[Excerpted records]
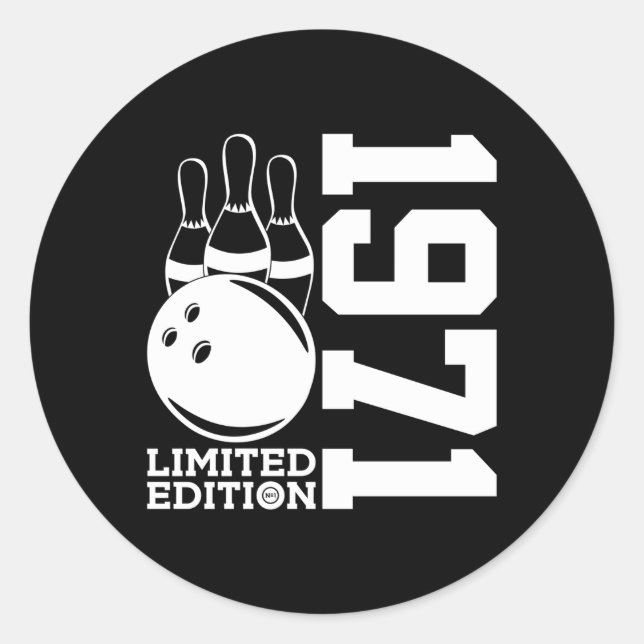 52. Bowling 1971 Runder Aufkleber (Vorderseite)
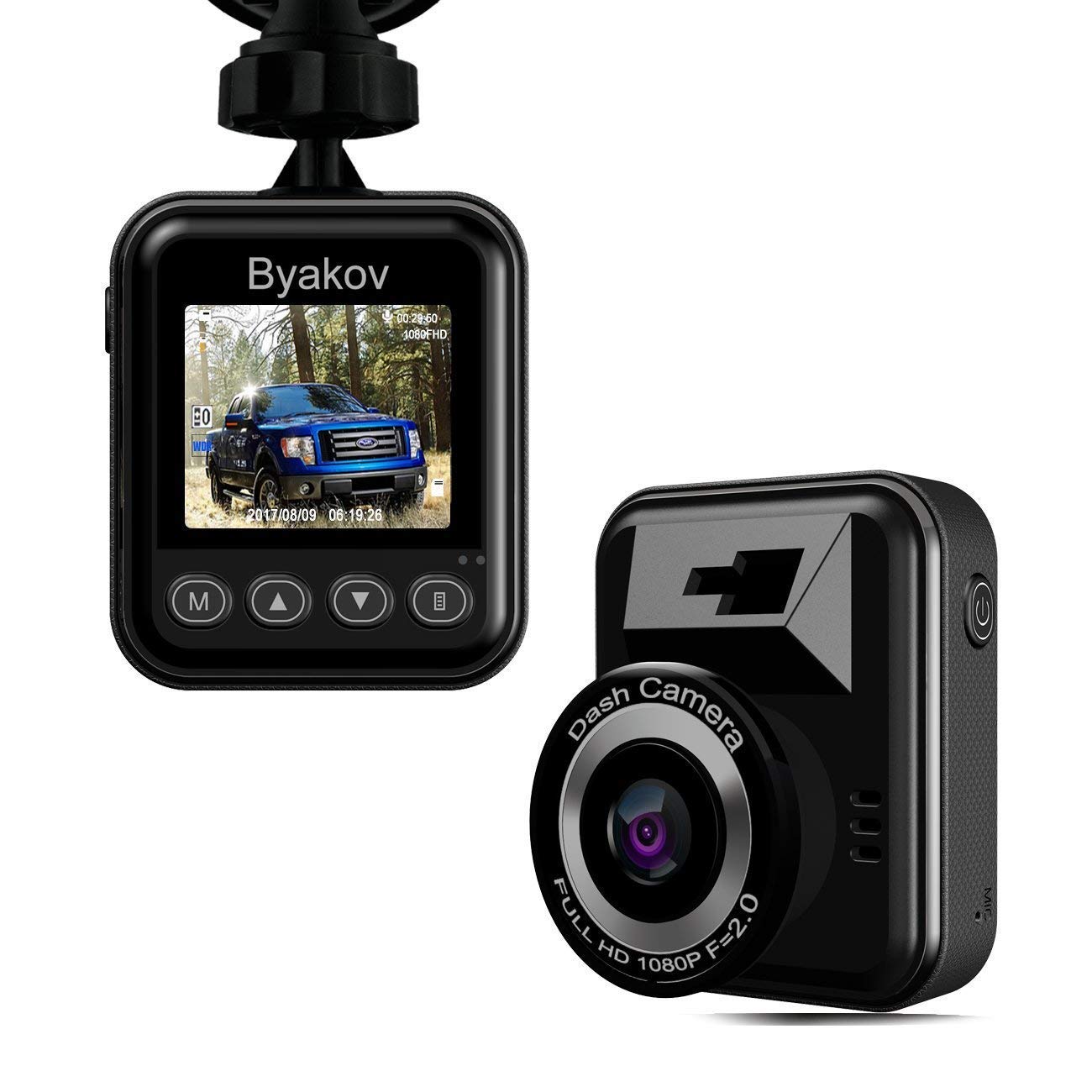 Dash Cam, Byakov Dash Camera: 1080P Full HD Car Driving Recorder Camera with 170° Wide Angle,1.5inch Screen, Motion Detection, G-Sensor, Loop Recording, Night Vision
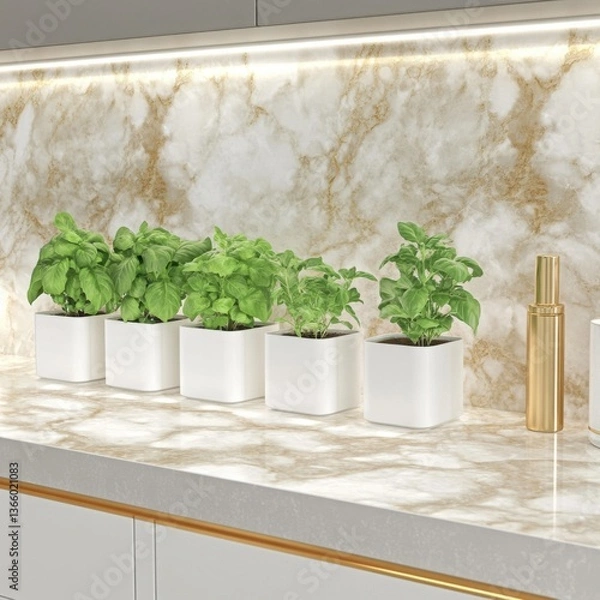 Fototapeta Botanical image of cultivated plants thriving in a greenhouse environment.
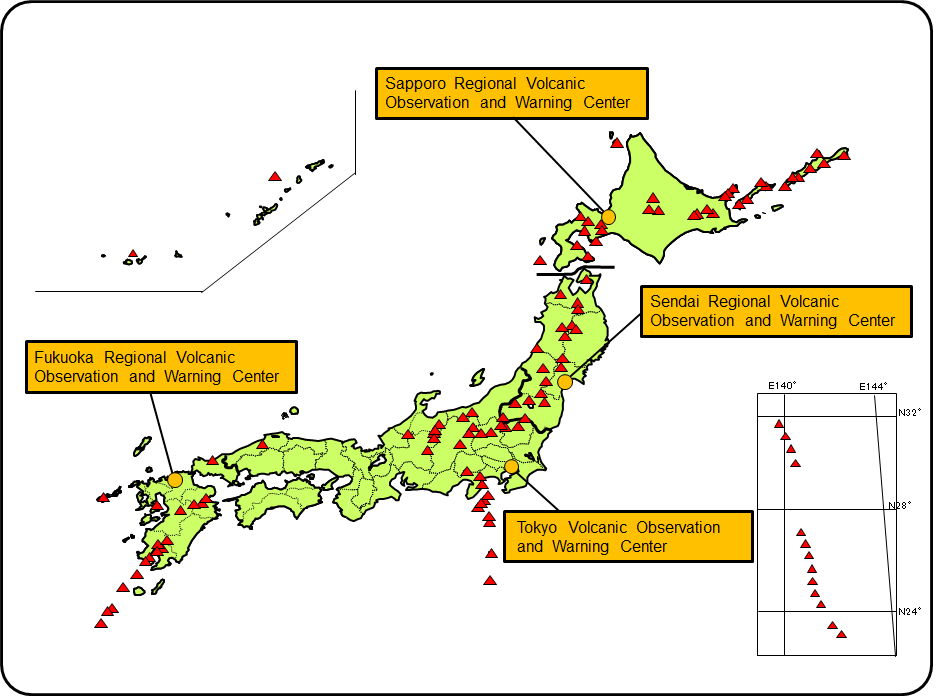 Active volcanoes in Japan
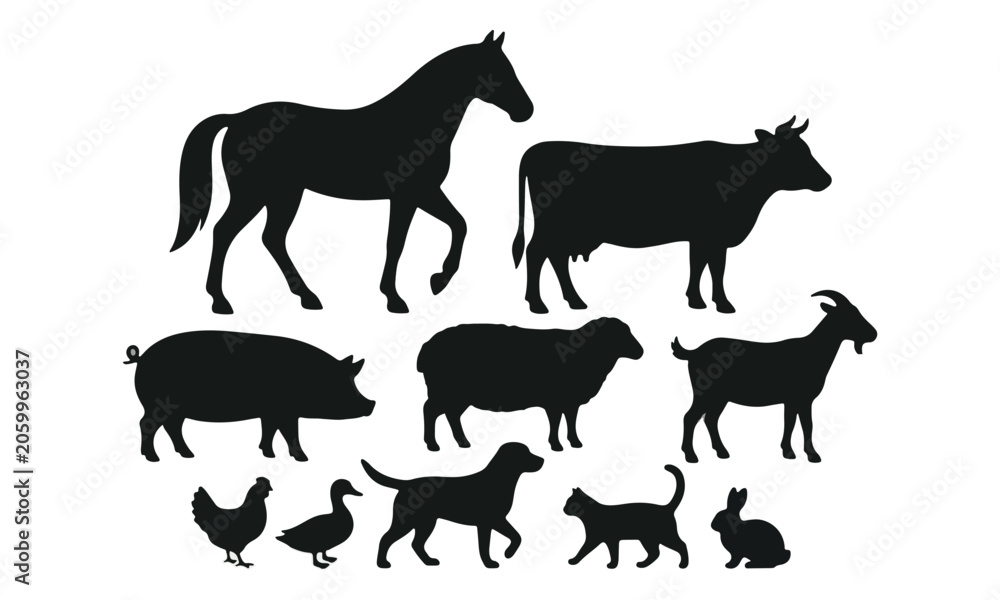 Obraz premium Farm Animal and Domestic Pet Silhouettes Set on White Background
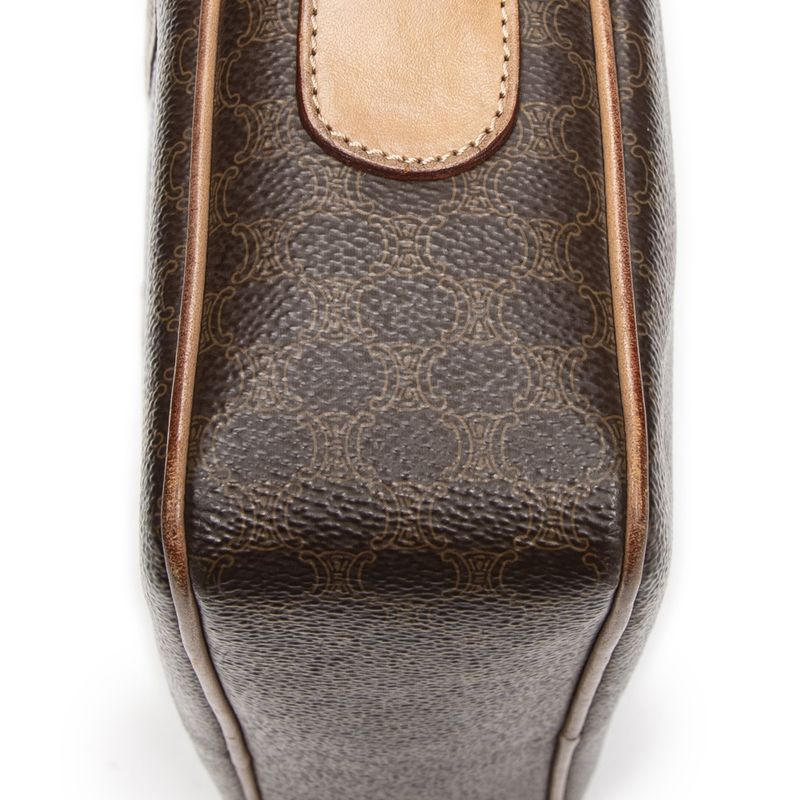 Celine Vintage Bucket Crossbody Beige/brown Macadam PVC Canvas AB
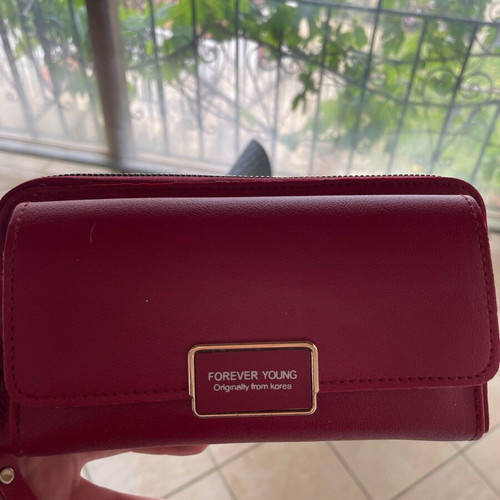 Burgundy wallet bag new with strap for hanging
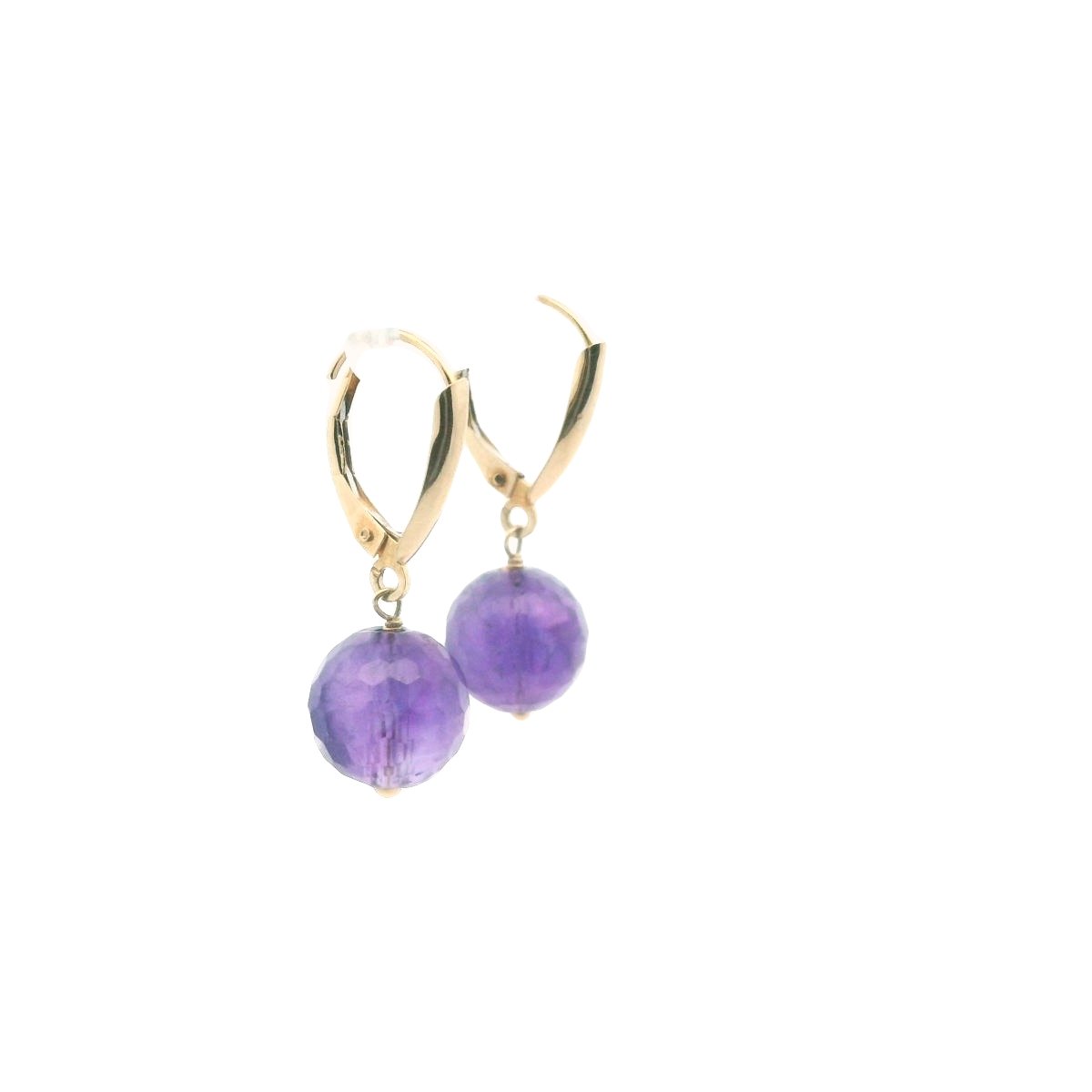 14K Yellow Gold Faceted Amethyst Bead Earrings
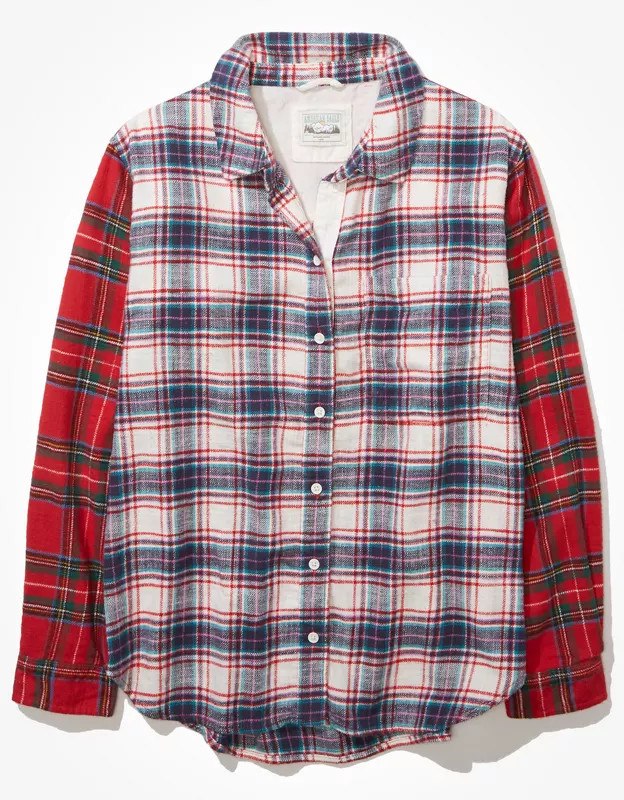 AE Oversized Plaid Button-Up Shirt | American Eagle Outfitters (US & CA)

[Exercise]
Begin with the line holding "Dash Cam, Byakov" and end with the last line of the listing. Reproduce each of those lines exactly, and leave every picture out.

[Solution]
 Dash Cam, Byakov Dash Camera: 1080P Full HD Car Driving Recorder Camera with 170° Wide Angle,1.5inch Screen, Motion Detection, G-Sensor, Loop Recording, Night Vision
 Fototapeta Botanical image of cultivated plants thriving in a greenhouse environment.
 Active volcanoes in Japan
 Obraz premium Farm Animal and Domestic Pet Silhouettes Set on White Background
 Celine Vintage Bucket Crossbody Beige/brown Macadam PVC Canvas AB
 Burgundy wallet bag new with strap for hanging
 14K Yellow Gold Faceted Amethyst Bead Earrings
 AE Oversized Plaid Button-Up Shirt | American Eagle Outfitters (US & CA)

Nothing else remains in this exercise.